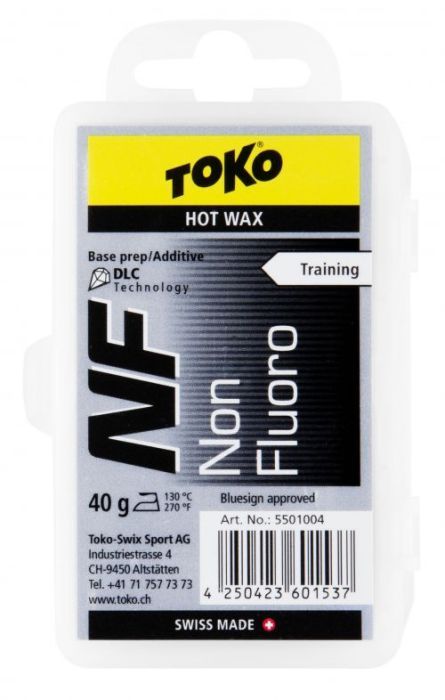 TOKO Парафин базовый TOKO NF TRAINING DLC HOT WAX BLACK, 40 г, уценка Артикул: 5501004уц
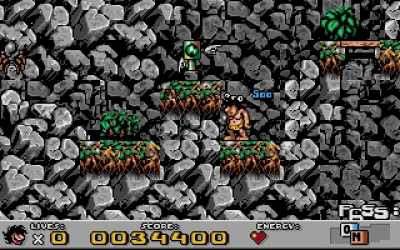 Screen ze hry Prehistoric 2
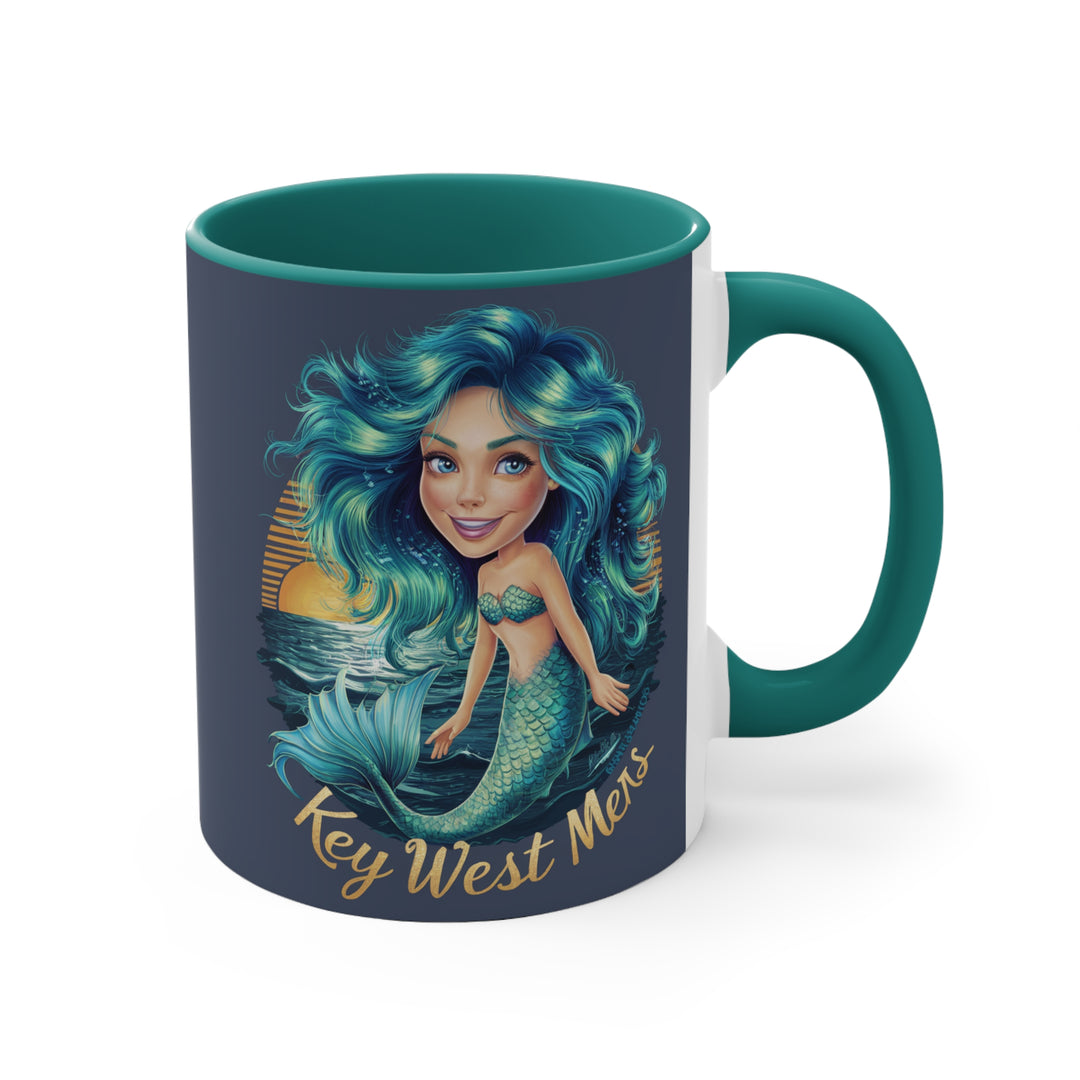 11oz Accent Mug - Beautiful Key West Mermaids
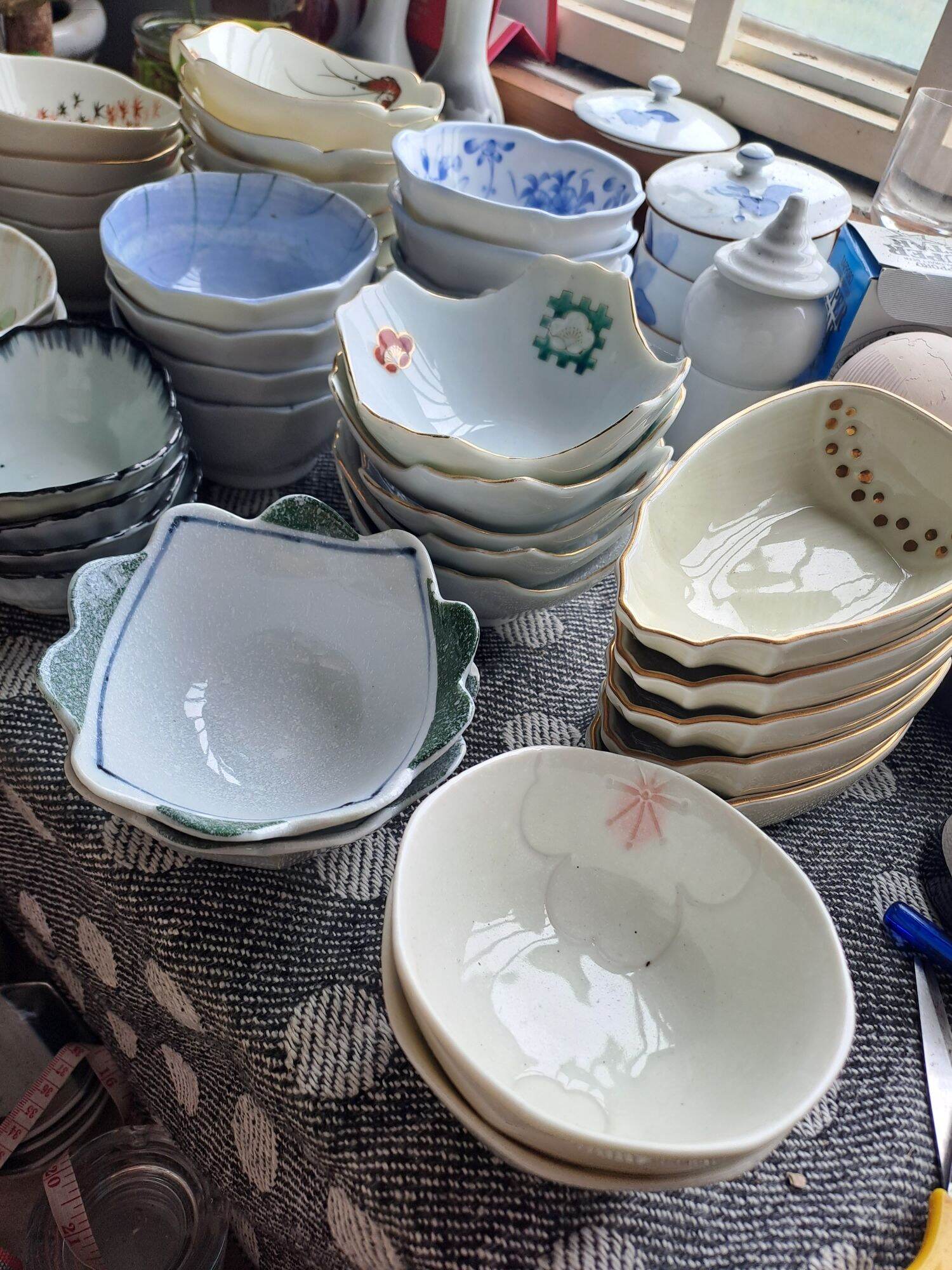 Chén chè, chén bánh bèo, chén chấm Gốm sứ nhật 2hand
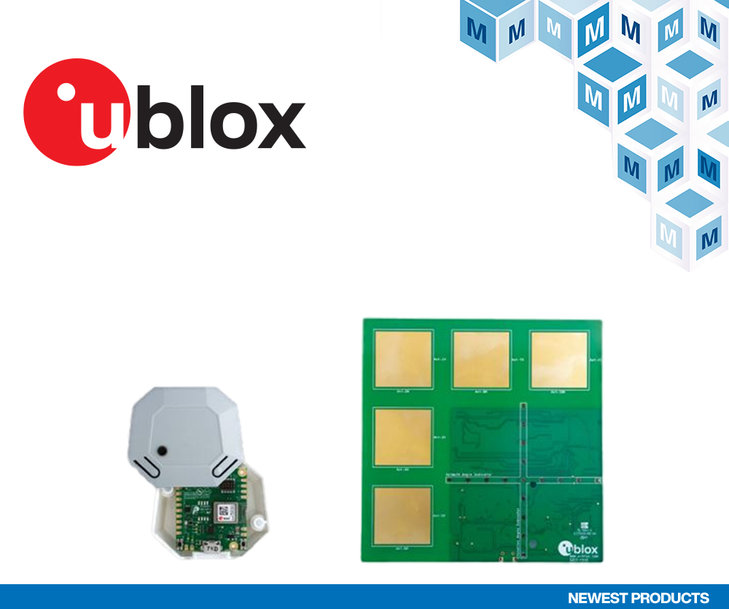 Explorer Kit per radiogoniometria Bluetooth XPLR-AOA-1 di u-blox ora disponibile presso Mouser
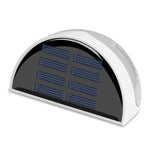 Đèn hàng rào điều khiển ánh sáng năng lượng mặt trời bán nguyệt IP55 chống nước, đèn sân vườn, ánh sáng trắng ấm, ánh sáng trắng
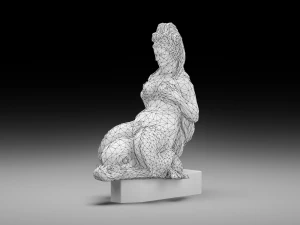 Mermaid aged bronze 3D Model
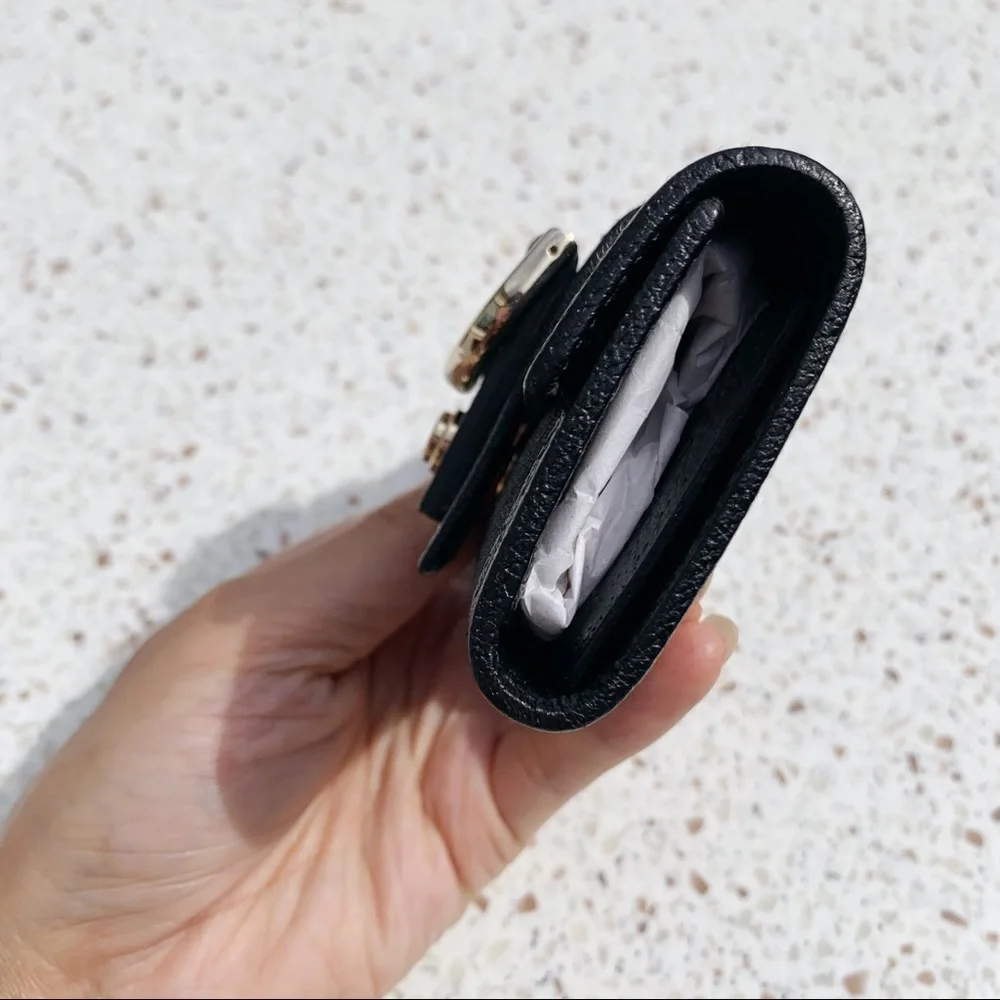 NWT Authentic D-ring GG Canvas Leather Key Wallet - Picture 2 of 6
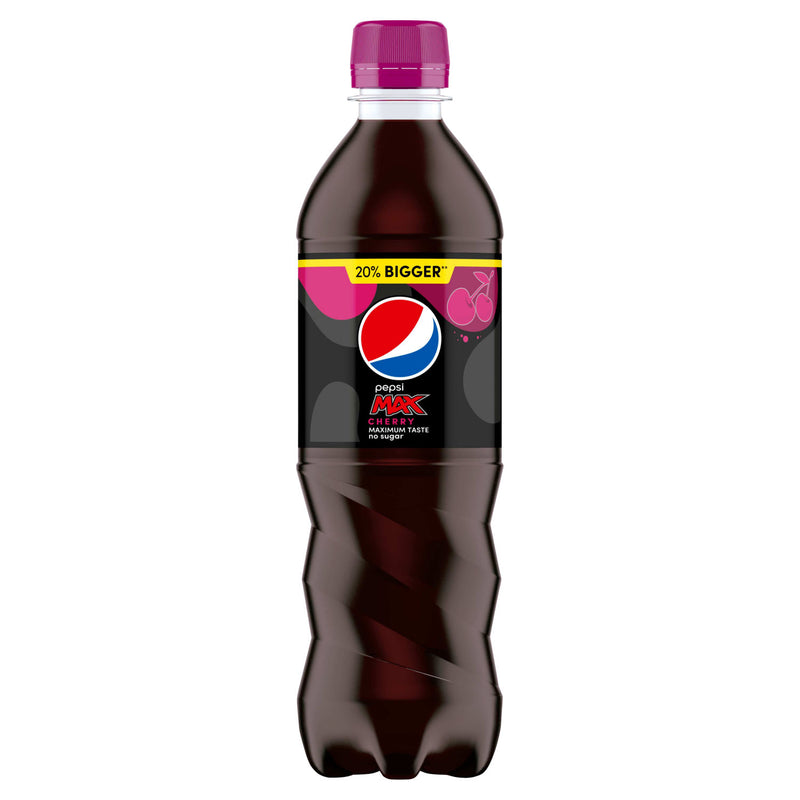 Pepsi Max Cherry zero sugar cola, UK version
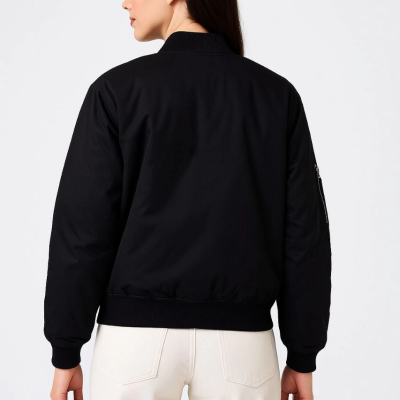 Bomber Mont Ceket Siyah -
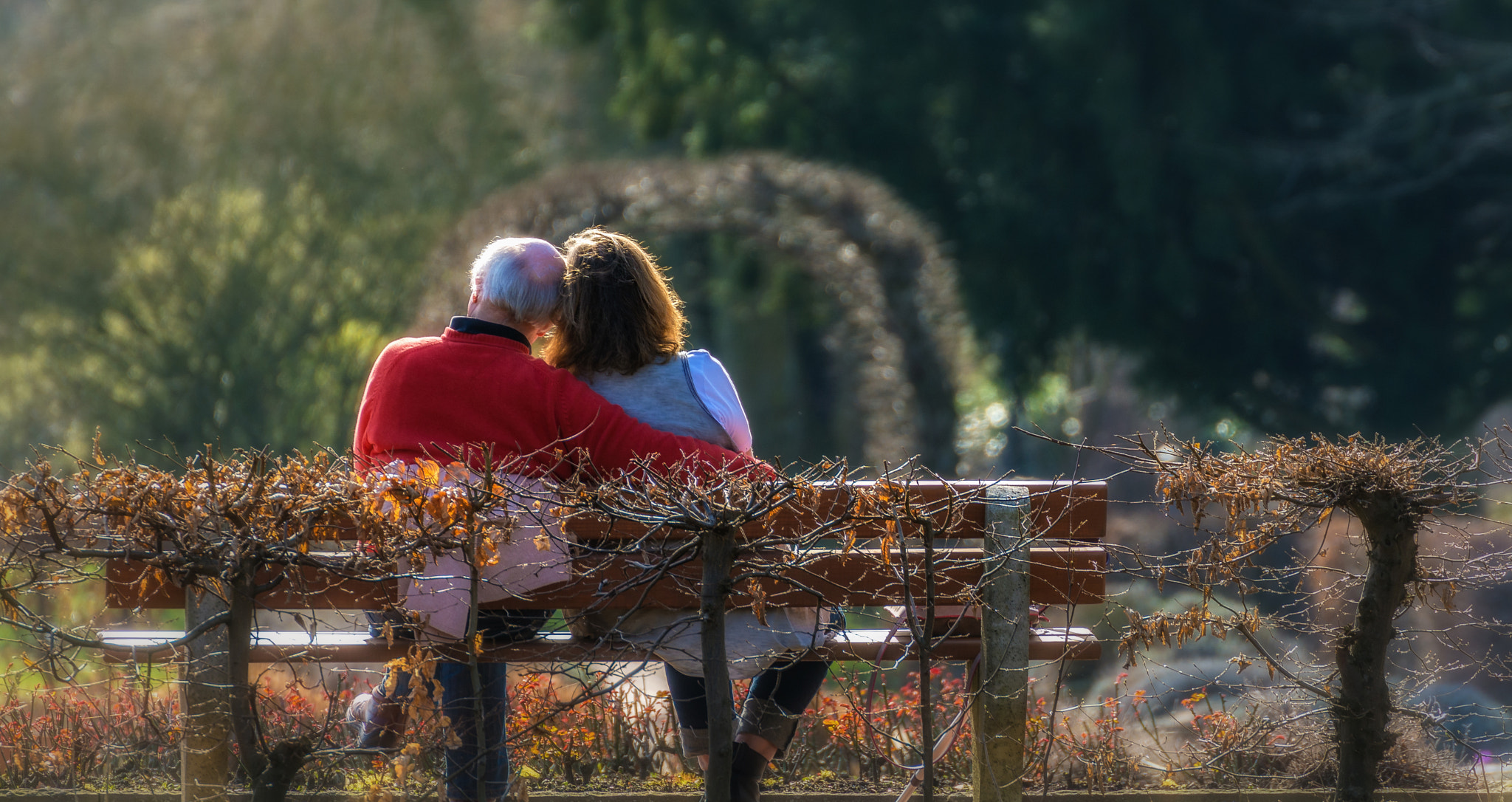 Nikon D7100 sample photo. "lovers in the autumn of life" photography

- - -

All entries are to be retyped exactly. Omit any embedded images.

▶ **ANSWER FOR THE TASK**
 TOKO Парафин базовый TOKO NF TRAINING DLC HOT WAX BLACK, 40 г, уценка Артикул: 5501004уц
 Screen ze hry Prehistoric 2
 11oz Accent Mug - Beautiful Key West Mermaids
 Chén chè, chén bánh bèo, chén chấm Gốm sứ nhật 2hand
 Explorer Kit per radiogoniometria Bluetooth XPLR-AOA-1 di u-blox ora disponibile presso Mouser
 Đèn hàng rào điều khiển ánh sáng năng lượng mặt trời bán nguyệt IP55 chống nước, đèn sân vườn, ánh sáng trắng ấm, ánh sáng trắng
 Mermaid aged bronze 3D Model
 NWT Authentic D-ring GG Canvas Leather Key Wallet - Picture 2 of 6
 Pepsi Max Cherry zero sugar cola, UK version
 Bomber Mont Ceket Siyah -
 Nikon D7100 sample photo. "lovers in the autumn of life" photography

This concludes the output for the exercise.